> _Problem requirements_: Begin at the line where "Äpfel Elstar vom" appears and reproduce exactly every line through the end of the data below, both included, skipping pictures.

[Stored data]
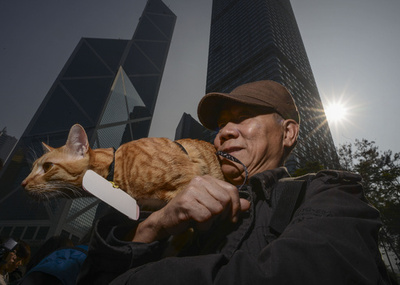 動物の権利求めるデモに1000人、香港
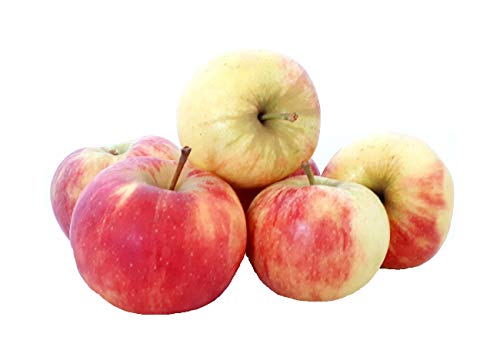 Äpfel Elstar vom Bodensee fein-säuerlicher Apfel 1-10 KG (2) Cover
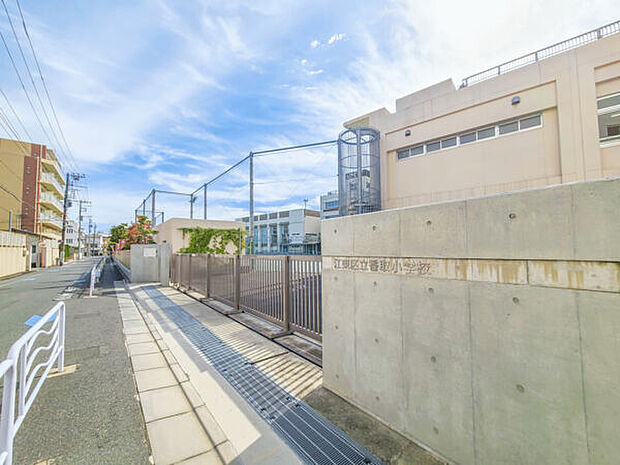 江東区立香取小学校（約514m）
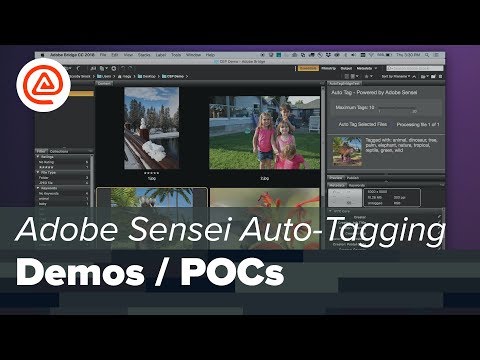 A@A Demos - Adobe Sensei Auto-Tagging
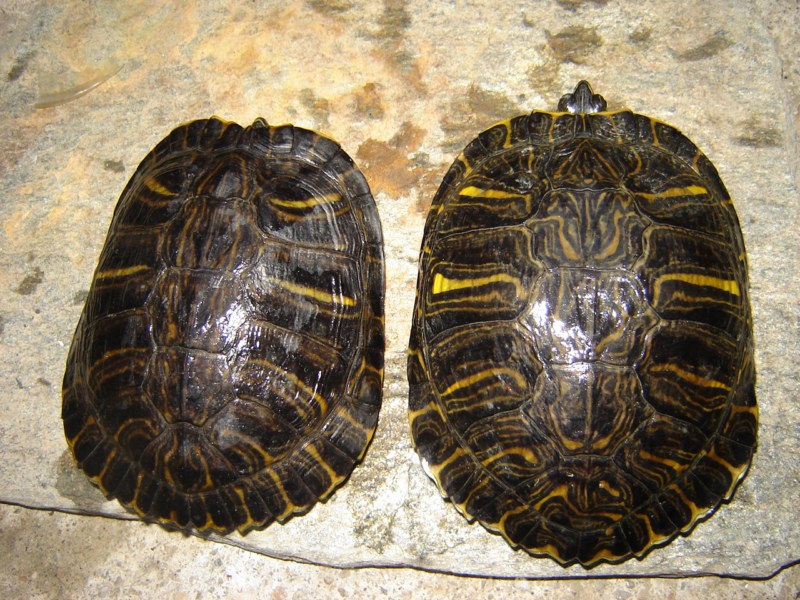 Mes tortues (kinos) Cpl_tr10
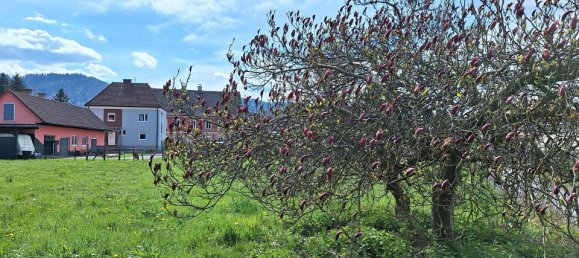 Grundstück in Arnfels, Austria, Nr. 127140 8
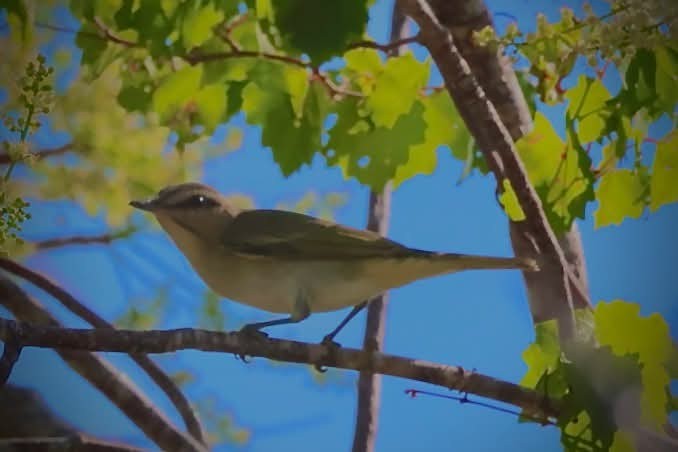 Black-whiskered Vireo - ML634961497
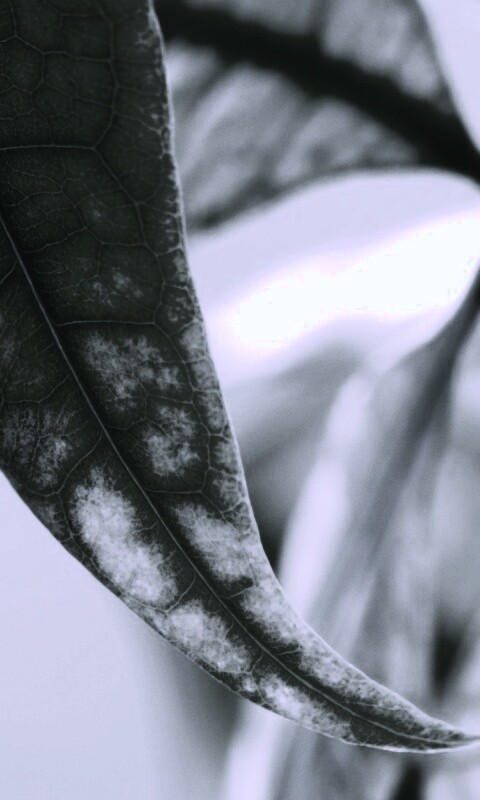 Зеленый листок обои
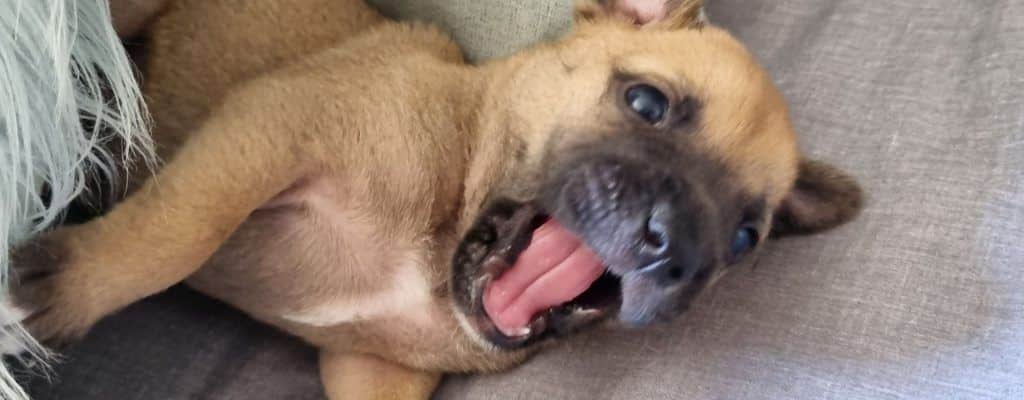 Fostering Levi - The Beginning.
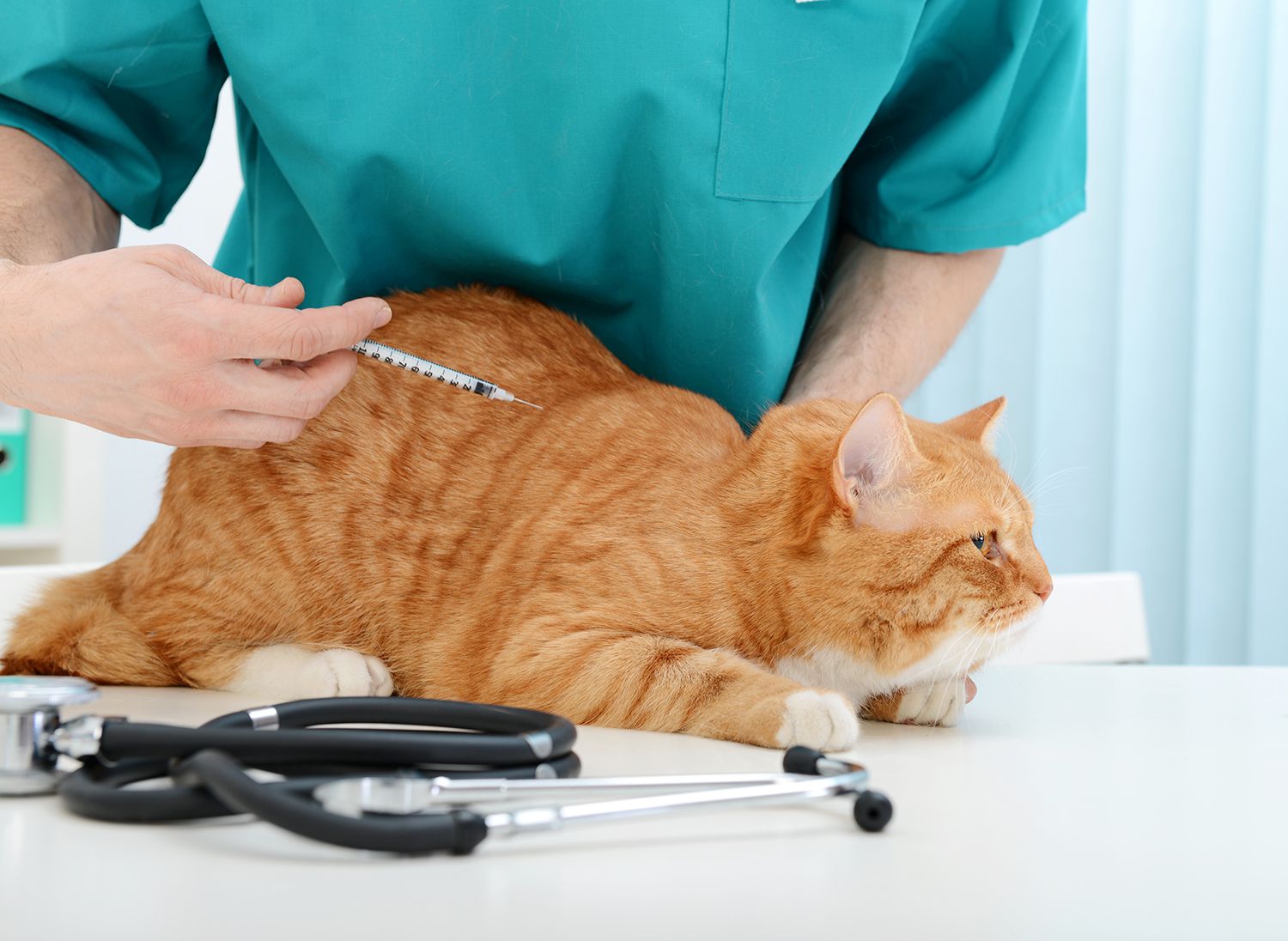 Diabetes With Coma In Cats 3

> _Expected output_:
 Äpfel Elstar vom Bodensee fein-säuerlicher Apfel 1-10 KG (2) Cover
 江東区立香取小学校（約514m）
 A@A Demos - Adobe Sensei Auto-Tagging
 Mes tortues (kinos) Cpl_tr10
 Grundstück in Arnfels, Austria, Nr. 127140 8
 Black-whiskered Vireo - ML634961497
 Зеленый листок обои
 Fostering Levi - The Beginning.
 Diabetes With Coma In Cats 3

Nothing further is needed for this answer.